Let’s start by highlighting some of the important information given. We’re told that the track is 30.0 meters long; we’ll call that 𝐿. We’re also told that the track is inclined 20.0 degrees below the horizontal; we’ll call that angle 𝜃. In part one, we want to solve for the magnitude of the car’s acceleration; we’ll call that 𝑎. And in part two, we want to find how much time the car takes to reach the bottom of the track; we’ll call that 𝑡.

Along with assuming that friction is negligible, we’ll also assume that the acceleration due to gravity, 𝑔, is exactly 9.8 meters per second squared. Let’s start out by drawing a diagram of the car on the track. Here we see the roller coaster car on the track, with positive motion directions defined as normal to the track that is perpendicular and down the track parallel to it. As we work towards solving for the car;s acceleration, let’s recall Newton’s second law.

The second law states that the net force acting on an object is equal to its mass times its acceleration. To solve for acceleration, we’ll first look at the forces acting on the car. If we draw a free body diagram of the car, the only two forces acting on the car when friction is negligible are the force of gravity, 𝐹 sub 𝑔, and the normal, Force 𝐹 sub 𝑁. If we break the gravitational force into components that are parallel and perpendicular to the incline, then we create a right triangle where the hypotenuse of the triangle is the force of gravity and the angle between the hypotenuse and the adjacent side is equal to 𝜃, the given value of 20.0 degrees.

If we call motion that’s parallel to the track motion in the 𝑥-direction and motion perpendicular to the track motion in the 𝑦-direction, then we can label the components of the gravitational force 𝐹 sub 𝑥 and 𝐹 sub 𝑦. From the diagram, we can see that it’s the 𝑥-component of the gravitational force that pushes the car down the track. That force component is equal to the mass of the car times 𝑔 multiplied by the sine of 𝜃. And because that is the only force acting in the 𝑥-direction, by Newton’s second law, it’s equal to the mass of the car times its acceleration.

So the mass of the car cancels out, and we see that the car’s acceleration is equal to 𝑔 times the sine of 𝜃. Plugging in 9.8 meters per second squared for 𝑔 and 20.0 degrees for 𝜃, we find that the car’s acceleration is equal to 3.35 meters per second squared. That’s the acceleration of the car down the track. Next, we wanna solve for the time it takes the car to move down the track from the top to the bottom, knowing that the track is a length 𝐿 of 30.0 meters long.

Since the car accelerates uniformly down the track, we can apply the kinematic equations to the motion of the car. Of the four kinematic equations, the third one, that displacement is equal to initial speed times time plus one-half acceleration times time squared, applies to our situation. In our case, 𝑑 is equal to 𝐿, the length of the track.
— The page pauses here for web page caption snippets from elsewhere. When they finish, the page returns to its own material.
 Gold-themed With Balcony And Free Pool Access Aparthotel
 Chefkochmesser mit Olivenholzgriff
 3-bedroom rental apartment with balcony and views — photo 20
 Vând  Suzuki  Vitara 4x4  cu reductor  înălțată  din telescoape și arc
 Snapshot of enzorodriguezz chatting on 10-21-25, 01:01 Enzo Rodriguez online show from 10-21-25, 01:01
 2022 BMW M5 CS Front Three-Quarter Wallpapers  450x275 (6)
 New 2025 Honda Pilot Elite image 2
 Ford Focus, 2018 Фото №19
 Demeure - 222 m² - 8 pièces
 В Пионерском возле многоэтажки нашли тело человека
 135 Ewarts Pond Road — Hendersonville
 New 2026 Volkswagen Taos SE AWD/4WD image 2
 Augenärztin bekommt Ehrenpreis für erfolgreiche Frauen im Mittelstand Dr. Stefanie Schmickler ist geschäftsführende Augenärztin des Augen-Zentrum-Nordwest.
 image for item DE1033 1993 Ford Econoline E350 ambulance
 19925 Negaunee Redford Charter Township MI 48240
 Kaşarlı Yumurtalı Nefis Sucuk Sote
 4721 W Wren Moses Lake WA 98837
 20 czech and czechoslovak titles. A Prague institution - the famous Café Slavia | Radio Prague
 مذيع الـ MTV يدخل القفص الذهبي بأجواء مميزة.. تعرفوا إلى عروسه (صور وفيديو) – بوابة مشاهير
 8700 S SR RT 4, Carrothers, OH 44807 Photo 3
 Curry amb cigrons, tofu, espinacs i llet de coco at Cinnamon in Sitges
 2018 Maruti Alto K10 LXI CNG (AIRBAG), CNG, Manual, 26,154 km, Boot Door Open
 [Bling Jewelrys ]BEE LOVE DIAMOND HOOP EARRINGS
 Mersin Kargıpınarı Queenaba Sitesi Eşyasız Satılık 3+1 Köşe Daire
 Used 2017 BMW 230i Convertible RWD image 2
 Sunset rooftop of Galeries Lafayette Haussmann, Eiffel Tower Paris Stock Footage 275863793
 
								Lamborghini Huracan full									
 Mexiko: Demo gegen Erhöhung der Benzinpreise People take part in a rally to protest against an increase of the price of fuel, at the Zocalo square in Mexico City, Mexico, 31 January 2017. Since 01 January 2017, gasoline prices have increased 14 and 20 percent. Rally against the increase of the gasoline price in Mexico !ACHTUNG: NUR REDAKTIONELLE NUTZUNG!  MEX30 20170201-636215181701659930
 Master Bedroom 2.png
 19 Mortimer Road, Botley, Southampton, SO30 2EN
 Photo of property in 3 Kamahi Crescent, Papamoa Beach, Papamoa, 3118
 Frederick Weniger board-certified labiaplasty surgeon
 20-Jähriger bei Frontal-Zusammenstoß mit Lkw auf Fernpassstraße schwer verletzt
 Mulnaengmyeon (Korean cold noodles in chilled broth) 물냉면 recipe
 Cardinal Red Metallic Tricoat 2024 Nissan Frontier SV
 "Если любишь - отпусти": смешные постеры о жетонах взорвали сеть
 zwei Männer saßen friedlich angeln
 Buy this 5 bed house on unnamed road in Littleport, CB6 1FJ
The car starts from rest, so it’s initial speed, 𝑣 zero, is equal to zero, and that term cancels out.

We’ve solved for the acceleration 𝑎 in the previous step, and 𝑡 is what we are solving for now. So 𝐿 equals one-half 𝑎𝑡 squared. If we multiply both sides by two divided by 𝑎, then acceleration and the factor of two cancel out of the right side of our equation. And if we then take the square root of both sides, that square root cancels with the square term on the right, leaving us with an equation for 𝑡, that 𝑡 is equal to the square root of two times 𝐿 divided by 𝑎.

Plugging in our values for 𝐿 and 𝑎, when we enter these numbers on our calculator, we find a time value of 4.23 seconds. That’s how long it takes the car to move down this section of track starting from rest.